Pictures of Rock Camp
Well, not quite. I did opt to chill at Doug Fir Lounge afterward. (If you go to Portland, you have to experience this place. There is a giant silver moose head over the fireplaces. Take a guide to the bathroom with you, though.) I connected with Olya, the bassist from DC. I talked to the other drummers about their peformances (shoutout to Reece! Incredible job.). I talked to the ladies from the Guardian about crazy americans and Las Vegas. I talked to Audrey about stuff. I felt… like I really didn’t want it to end. Of course, eventually it was time to retire. My weekend wasn’t over just yet.
Finally after putting up with my ass for three nights, I got to spend some time with Becki! We went to Movie Madness (msteleute, this place will have all the movies you want to see. And I DO mean ALL.) and picked up Gigantic: A Tale of Two Johns (fabulous) and Definite Article (also fab). My body was about done with this tension thing and I had killed my throat singing karaoke, so I was dosing myself up with Vitamin C. Monday we traipsed all over Portland; I got to see Powell’s Books and did some shopping there. We drove out to Multnomah Falls so I got some Oregon landscape. We had dinner with gorthx at Salvador Molly’s (Pirate Cookin’!). I wrung all the fun I could out of Portland in my one sightseeing day. Thanks much to DayQuil, ooh yeah.

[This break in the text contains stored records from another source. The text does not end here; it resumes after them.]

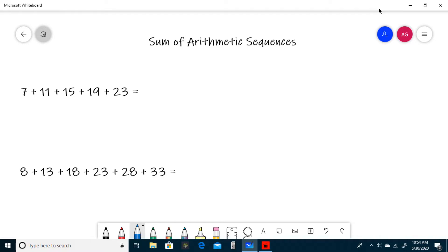We have 7 plus 11 plus 15 plus 19 plus 23. You can tell this is an arithmetic sequence because to get to the next term of the sequence, you always add 4. From 7 to 11 you add 4, 11 to 15, 15 to 19, and so on.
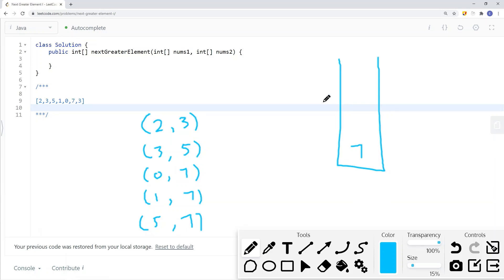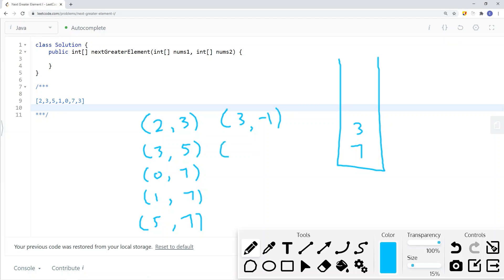After we iterate the entire array, we notice that all the elements that do not have a next greater element remain in the stack. That's true — 7 cannot find a next greater element, and 3 cannot find a next greater element. So we pop each and every single element off the stack and set them to negative 1 because we cannot find their next greater element.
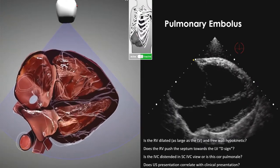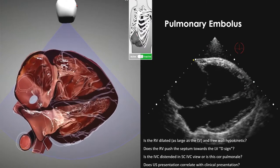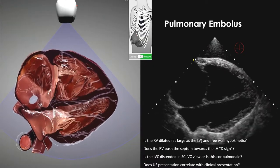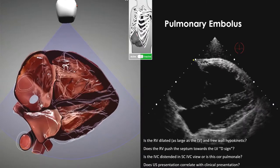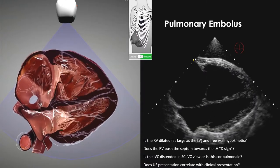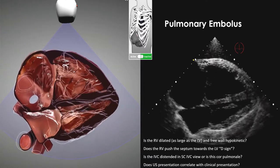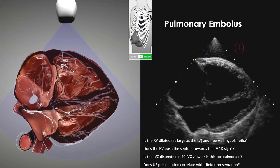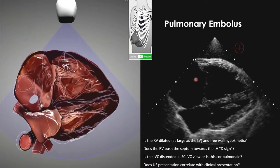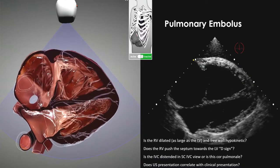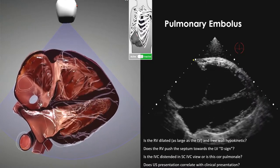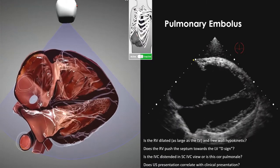PE is seen in the cardiac OR not infrequently — usually chronic or CTEPH. In the subcostal four-chamber view, it's pretty obvious: the RV is huge, the RA is massive, and with color Doppler you'd see significant TR. The free wall is not moving but the apex is preserved — that's McConnell's sign. The IVC view shows a huge dilated IVC.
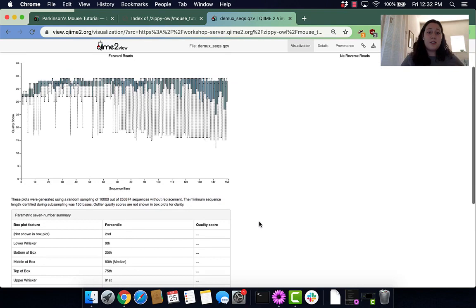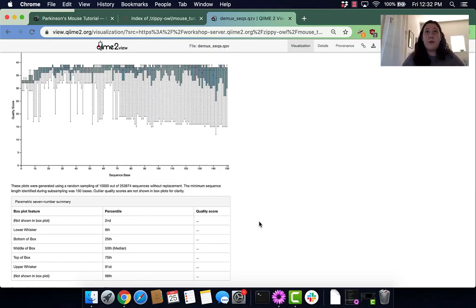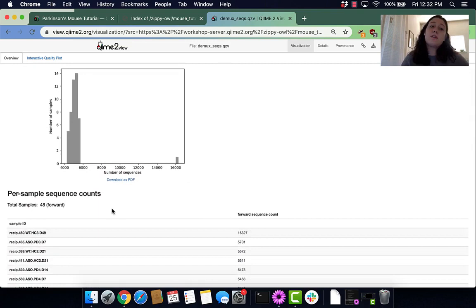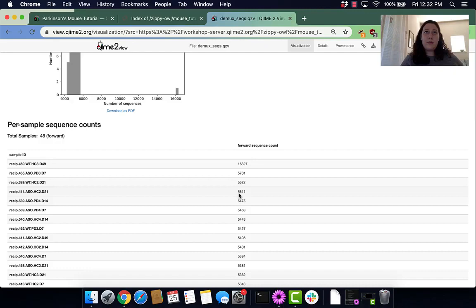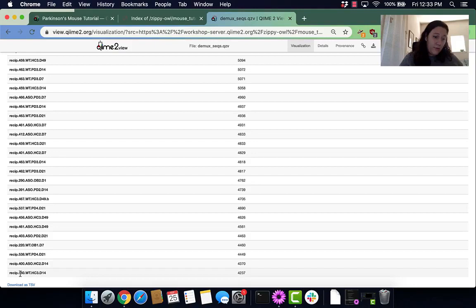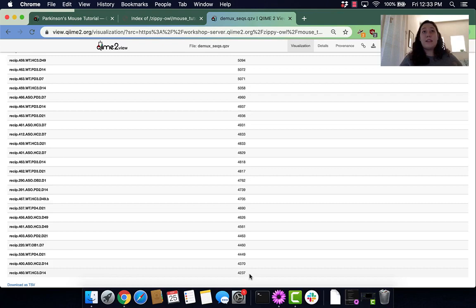The top discussion question says, after demultiplexing, which sample has the lowest sequence depth? We can find that in our overview, in our per-sample sequence counts. The highest sequence count is at the top, so the lowest one is at the bottom. Our lowest one is recipient 460W with sequence counts of 4,237.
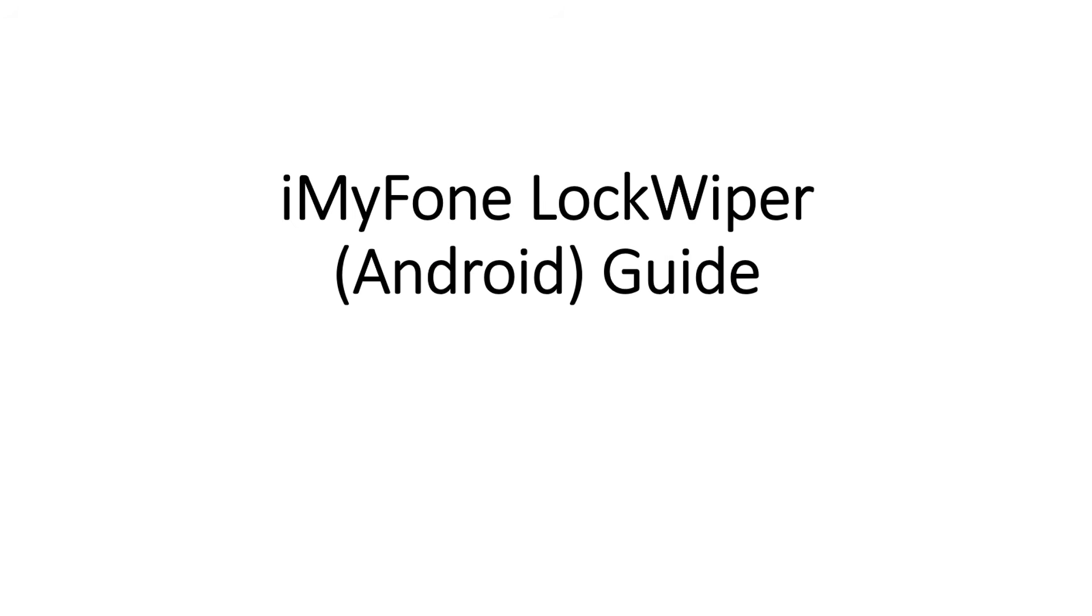iMyFone LockWiper Android Guide. LockWiper helps you easily bypass Google FRP lock without the Google account or password and remove all types of screen locks, including pattern, pin, password, fingerprint, or face recognition, just in a few minutes.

Pictures of Portland, mostly the Falls
The flight home was fine, despite it being the worst day of my terrible cold. The National rental car people were great, I’d certainly rent from them again in a heartbeat. When I was stuck in Cincinatti for two hours, I had some chili. I also saw a store that was selling a bunch of Kentucky stuff, for whatever reason, and I tried on a hat. Many of you have seen not this hat, but the one I bought the day after I got home at Carol’s Western Wear on 198. So now I’m a cowboy hat girl. Why don’t I have a picture of this? I don’t know, it’s a huge mistake. At any rate, I’m sitting in the gate waiting for the flight to Baltimore and they are pulling the boarding thingy away from the previous flight, which was to go to Paris. A girl comes sprinting up, only to find out she’s missed her flight. She collapses in absolute sobs. I am so utterly sensitive at this point, I am about to do the same, and I feel for this girl. So I go up and hand her one of my many travel Kleenex packs and ask her if I can help. No, she says. She’ll figure it out. She didn’t know you couldn’t wear flip-flops on international flights and had to have someone bring her shoes, making her late. (I’ve never heard of this, sounds ludicrous to me!) But thank you, she said, and smiled. She stopped sobbing. She started calling. I just felt like I could not just sit there. I am sure this sort of thing happens all the time in airports but it was really just too much for me that day. I think she got another flight on another day. I don’t know. It just affected me so much I thought I should note it.
And that’s the story of my trip to rock camp. I can hardly think that anyone will have the time to read all this, but for those that do, thank you. I know I blog about a lot of things that aren’t very important, but this one was very important to me.